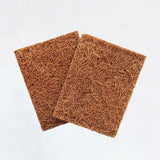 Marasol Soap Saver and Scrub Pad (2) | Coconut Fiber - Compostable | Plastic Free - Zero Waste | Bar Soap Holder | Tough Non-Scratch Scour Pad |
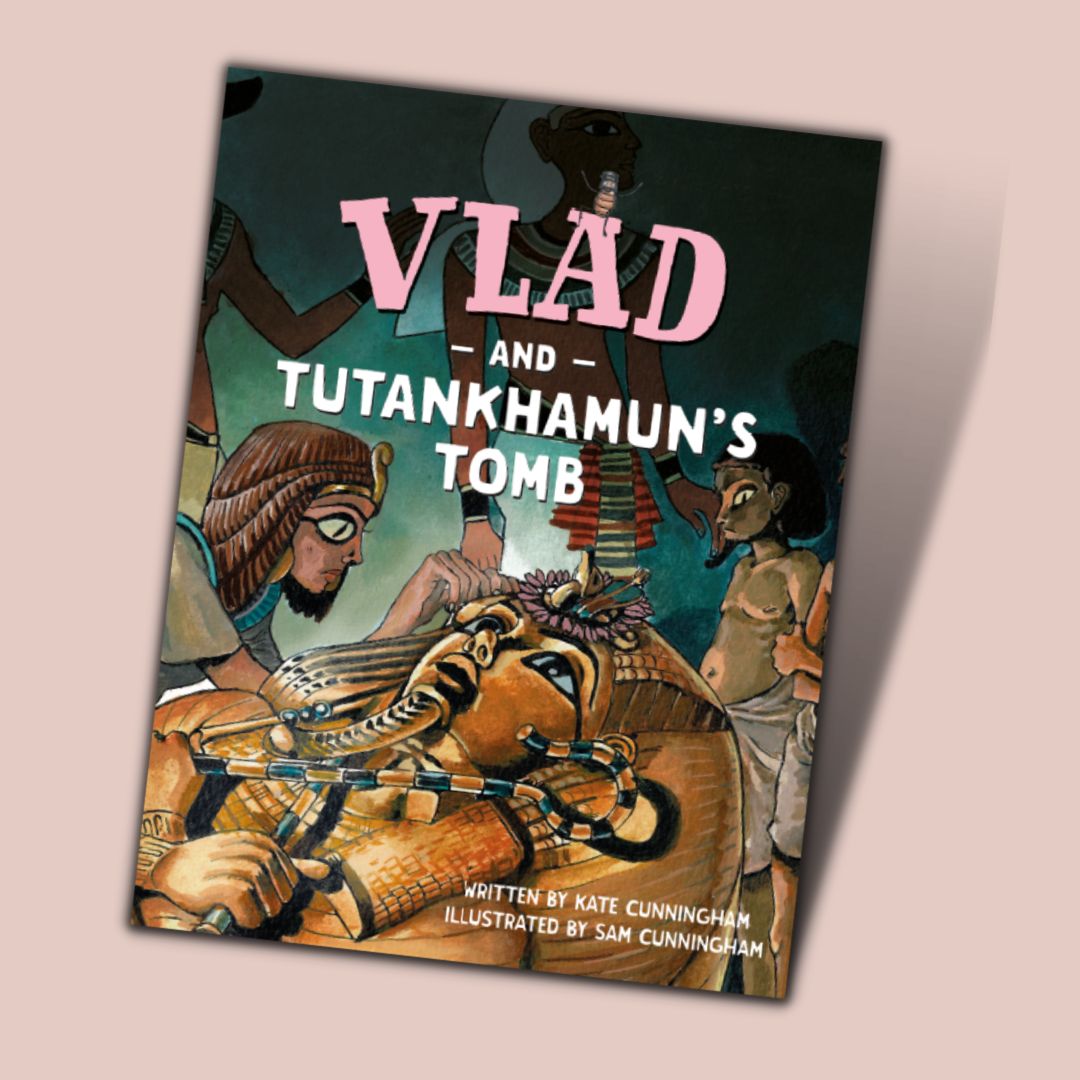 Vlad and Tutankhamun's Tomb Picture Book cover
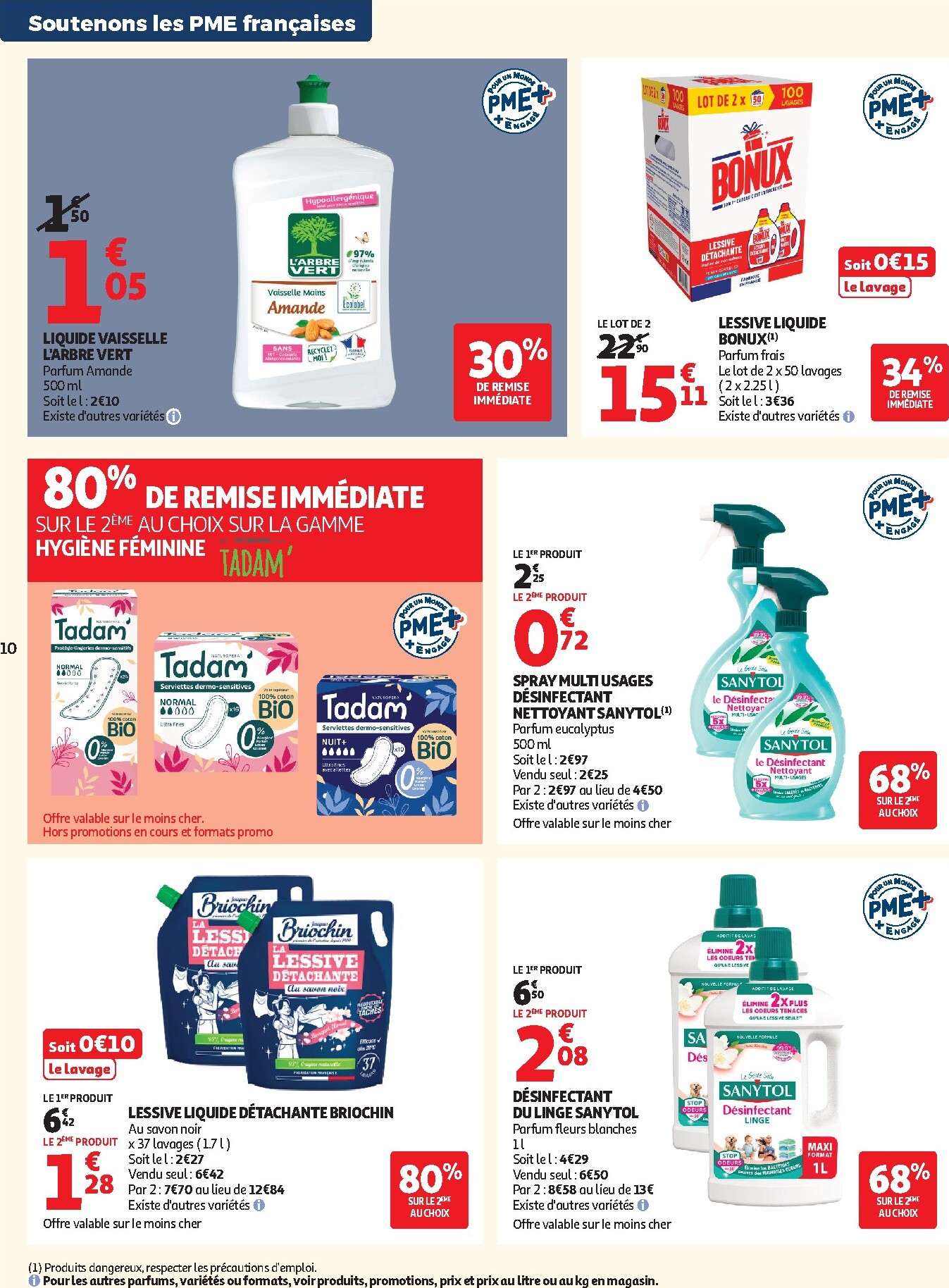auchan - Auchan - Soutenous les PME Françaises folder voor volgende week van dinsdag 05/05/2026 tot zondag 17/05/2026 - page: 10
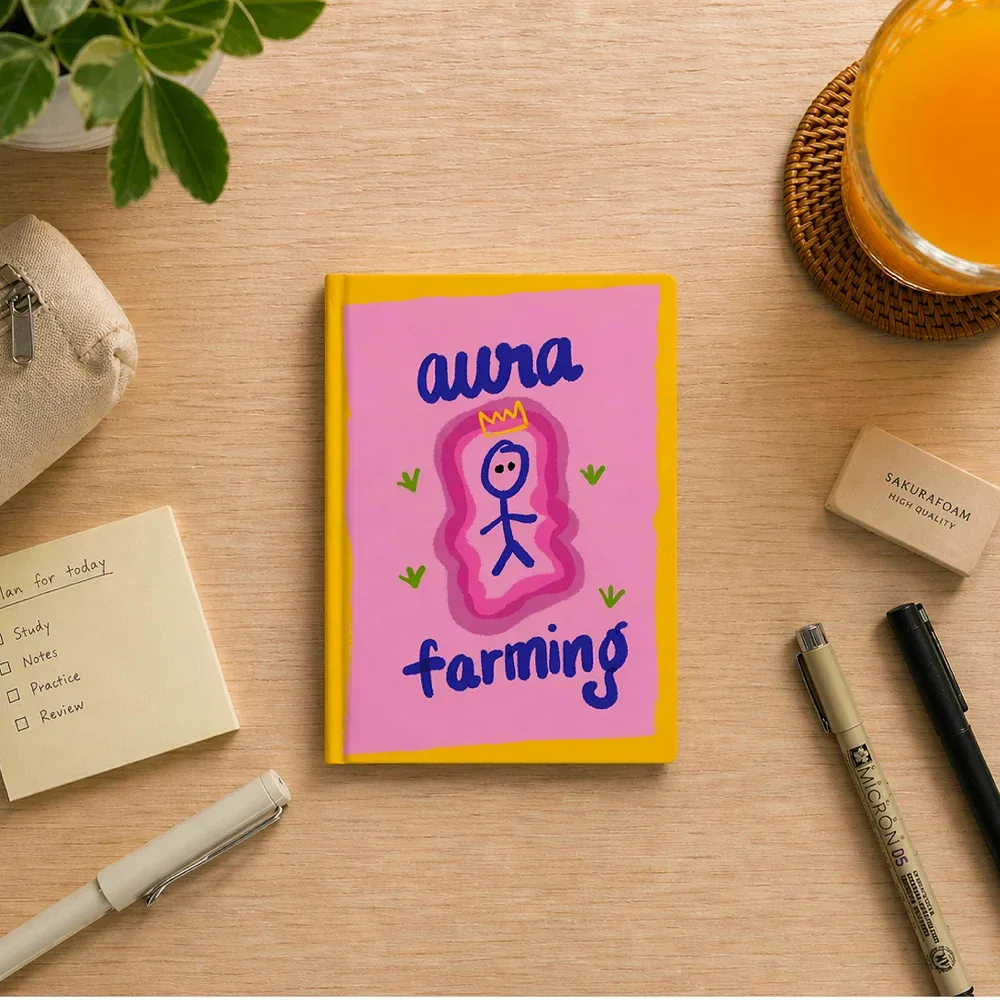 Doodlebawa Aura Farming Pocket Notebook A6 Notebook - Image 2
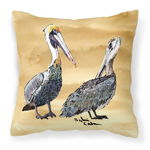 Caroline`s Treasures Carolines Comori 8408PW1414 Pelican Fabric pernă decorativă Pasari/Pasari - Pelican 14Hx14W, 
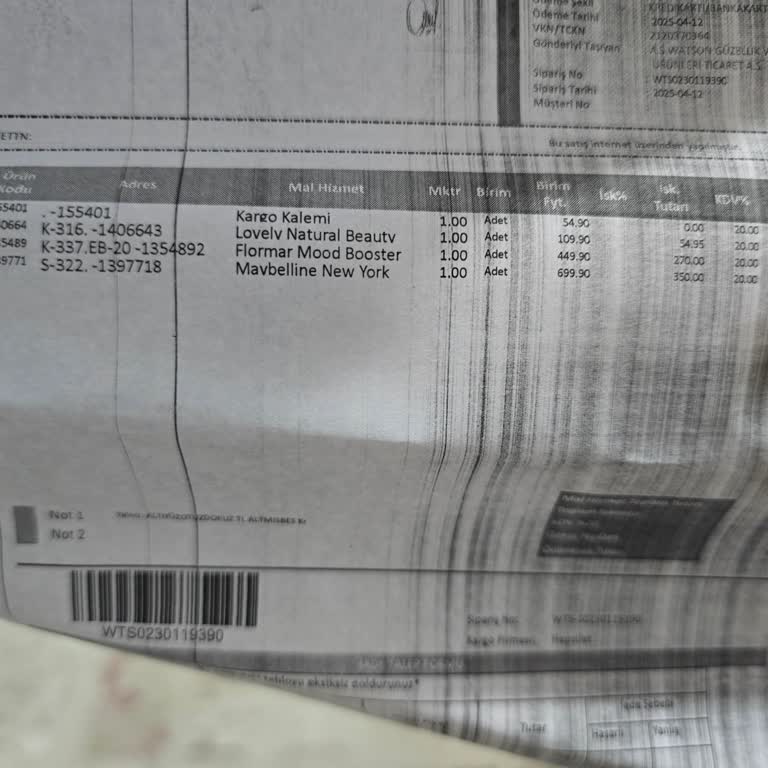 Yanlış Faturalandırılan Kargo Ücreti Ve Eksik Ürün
◇ ◇ ◇
◆ Task instructions: Retype, please, exactly the lines that begin with the one containing "auchan - Auchan" and end at the last line of the entries above, both included, leaving out pictures.

◆ Result of this exercise:
auchan - Auchan - Soutenous les PME Françaises folder voor volgende week van dinsdag 05/05/2026 tot zondag 17/05/2026 - page: 10
 Doodlebawa Aura Farming Pocket Notebook A6 Notebook - Image 2
 Caroline`s Treasures Carolines Comori 8408PW1414 Pelican Fabric pernă decorativă Pasari/Pasari - Pelican 14Hx14W, 
 Yanlış Faturalandırılan Kargo Ücreti Ve Eksik Ürün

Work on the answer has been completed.